Data shown: Begin

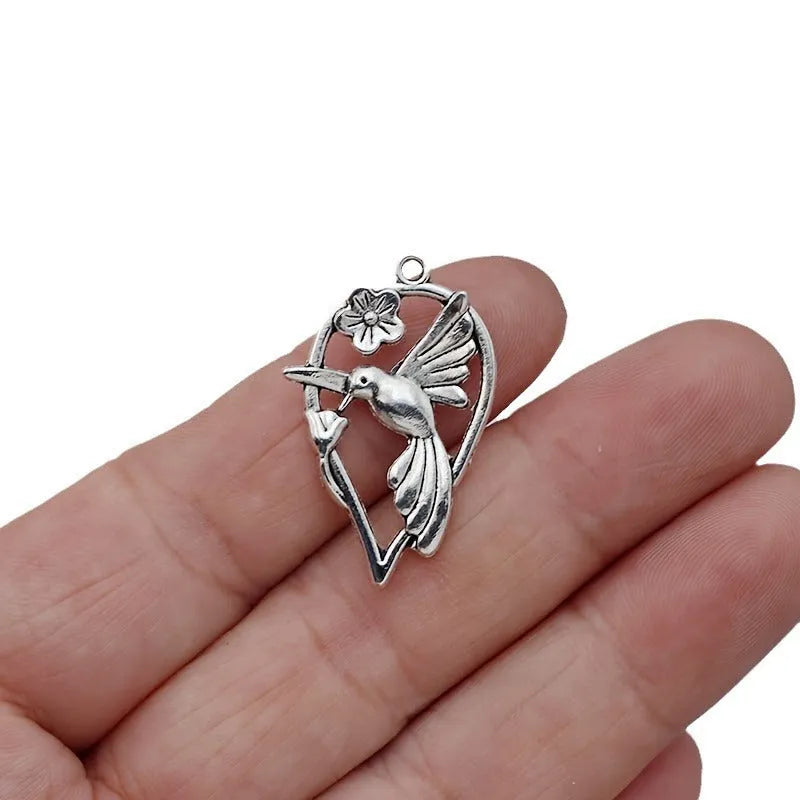 Gold-coloured alloy magpie bird charm pendant for DIY necklace or bracelet making.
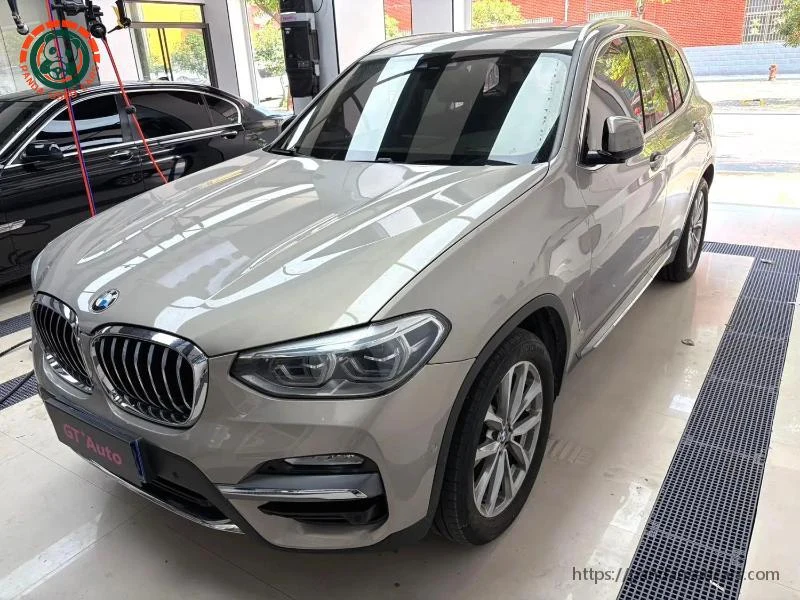 Silver BMW X3, front three-quarter view inside a workshop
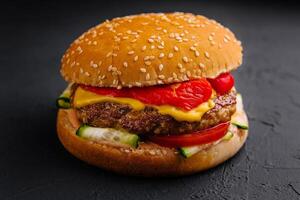 Delightful gourmet cheeseburger on dark background photo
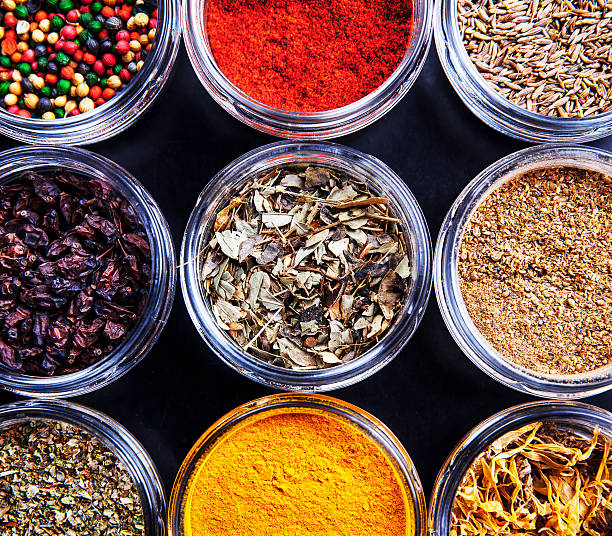 istock Spices on black background in special jars. Food 508038628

Data shown: End

What needs to be done - Take the listing above and retype it exactly. Its pictures are to be omitted.

Solution for this task -
 Gold-coloured alloy magpie bird charm pendant for DIY necklace or bracelet making.
 Silver BMW X3, front three-quarter view inside a workshop
 Delightful gourmet cheeseburger on dark background photo
 istock Spices on black background in special jars. Food 508038628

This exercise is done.